Новый удар нанесла восемнадцатилетняя Ида, для которой лето 1934 года действительно было временем беззаботности. В конце этого лета она сказала своим изумленным родителям, что беременна. Как только избалованная, легко возбудимая Ида достигла подросткового возраста, она стала ездить в летний лагерь для русских детей, живущих во Франции. Там она встретила Мишеля Раппопорта, студента-юриста, сына благополучных русско-еврейских родителей. Мишель родился в 1913 году в Берлине, был, как и Ида, продуктом восточно-западного воспитания и вырос на чужой почве. Во время Первой мировой войны Мишель, будучи еще маленьким ребенком, жил в России, в 1920 году оказался в Берлине, потом в 1926-м – в Париже. Молодые люди стали дружить, точнее, Ида этого захотела, потому что она не ходила в школу и у нее почти не было шансов встретить людей своего возраста.

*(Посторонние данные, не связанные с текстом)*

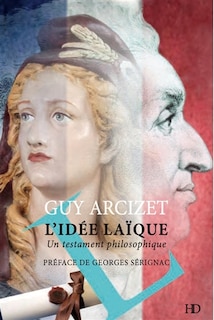 Front cover_L'idée laïque : un testament philosophique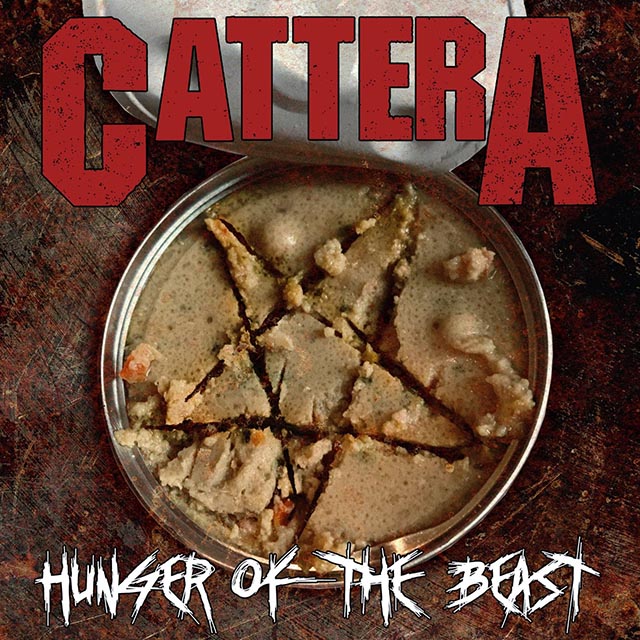 Cattera unveil debut single “Hunger of the Beast”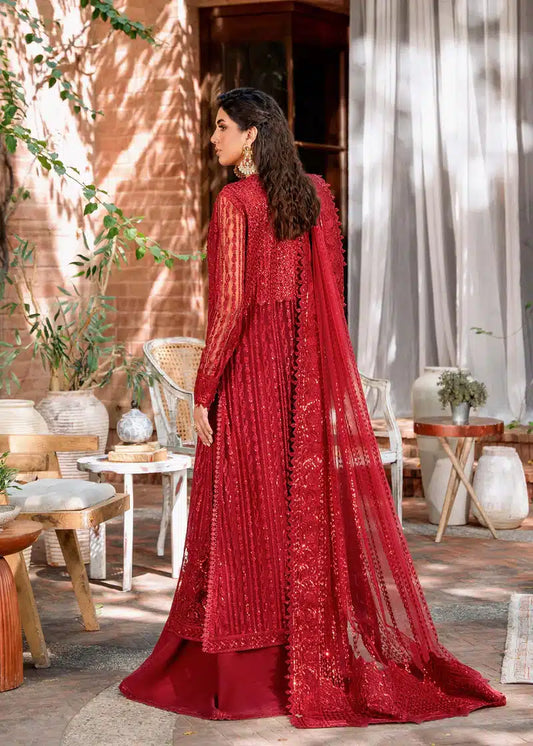 Akbar Aslam | Mastani Wedding Formals 23 | Gul Mohr - House Of Anaya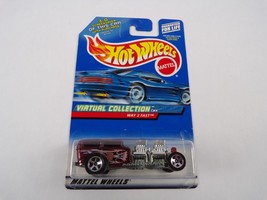 Van / Sports Car / Hot Wheels Mattel Virtual Collection Way 2 Fast #H16 - £9.54 GBP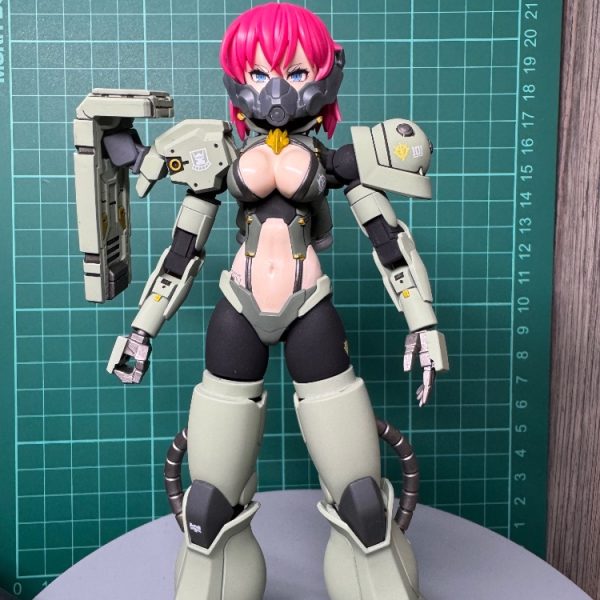 MS06 ZakuII x 30MS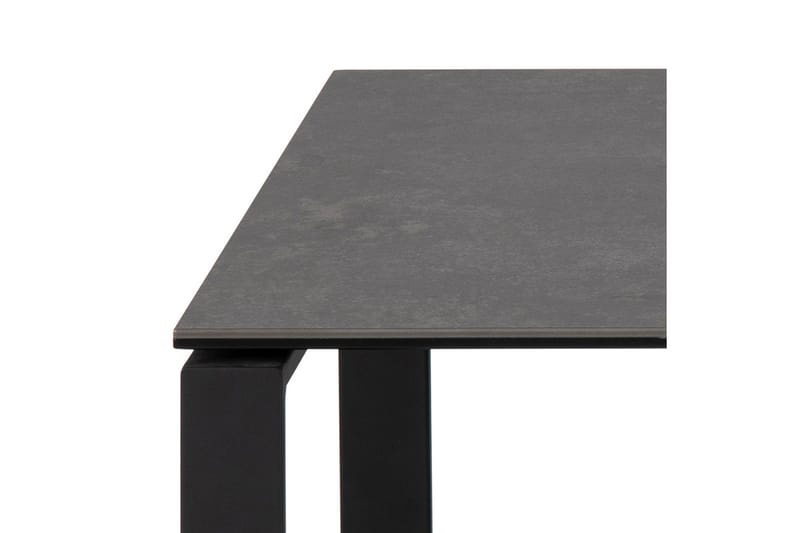 Cynthia Soffbord 115x69 cm - Svart - Möbler - Bord & matgrupp - Soffbord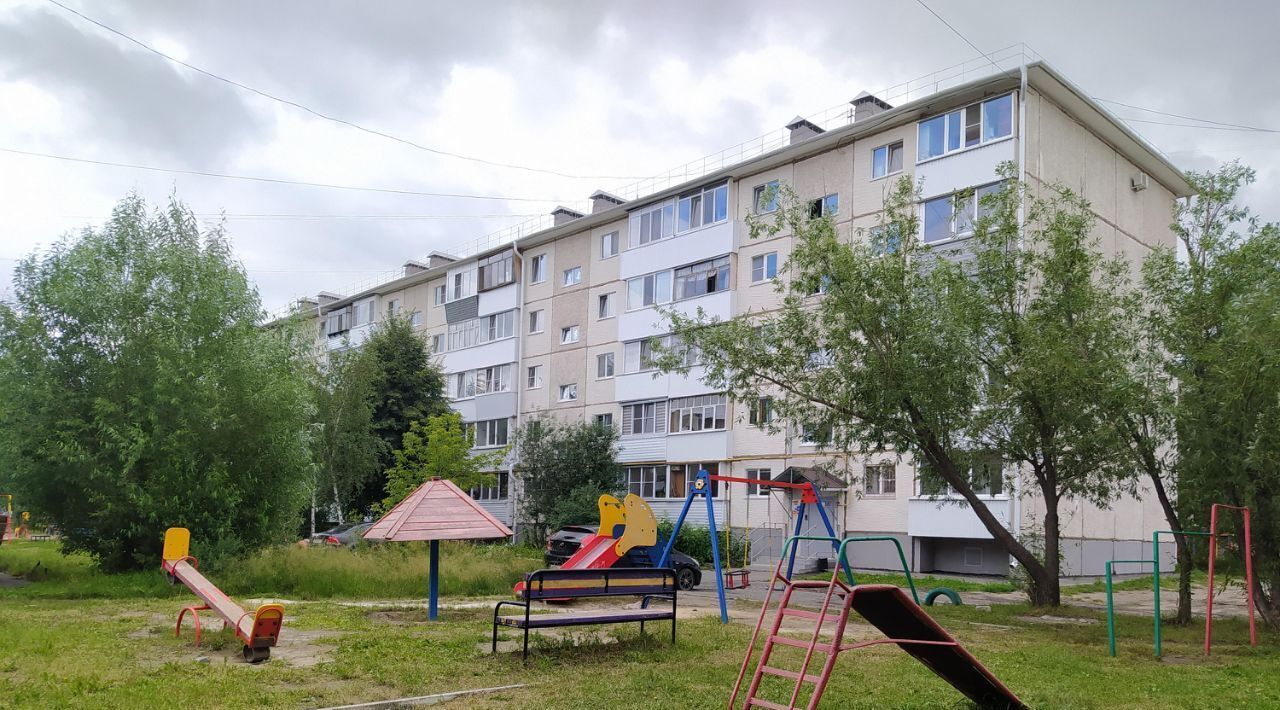 квартира г Курган ул Радионова 14 фото 18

К 1934 году, как отмечали многие шагаловские друзья, в том числе Рафаэль Альберти, «мадемуазель Ида… очаровательная молодая девушка и весьма красивая». Однажды он споткнулся об ее отца, когда тот писал в их саду загорелого обнаженного подростка под деревом. Но в глазах своих родителей Ида все еще была маленькой девочкой, и они пришли в ужас от этого известия. Со времен ханжеского Витебска и Шагал, и Белла все еще придерживались традиционных воззрений на сексуальное поведение женщины. Ида, не сомневаясь, сделала аборт, а затем в ноябре 1934 года все же вышла замуж за Мишеля.
Шагал отметил это событие картиной «Кресло невесты». Букет цветов лежит на кресле в белом чехле, а около него брошены белые розы; розовый ковер уравновешивает поток белого. На стене висит портрет в честь бракосочетания Шагала с Беллой, картина «День рождения», которая олицетворяет связь между поколениями. Спонтанность и стремительное движение жизни в той работе усиливают ощущение неполноты в картине «Кресло невесты». Иды на картине нет, поскольку при всем великолепном изобилии, напоминающем о картине «Ландыши», сделанной в честь рождения Иды, «Кресло невесты» – это похороны, похороны фантазии отца об обожаемой им дочери.
На свадебной фотографии Ида стоит выпрямившись, с потускневшим, невыразительным взглядом лунатика, тупо исполняющего свою роль, и вуаль на ней – будто саван. Принеся жертву своим пришедшим в отчаяние родителям, стремившимся к респектабельности в трудные времена, Ида не была готова исполнять обязанности супруги Мишеля, не была она готова и к браку. В начале своей семейной жизни она звонила матери по нескольку раз в день, просто чтобы спросить, что делать, и услышать ее теплый голос, ощутить поддержку. Теснейшим образом связанная с родителями, Ида не могла без них жить.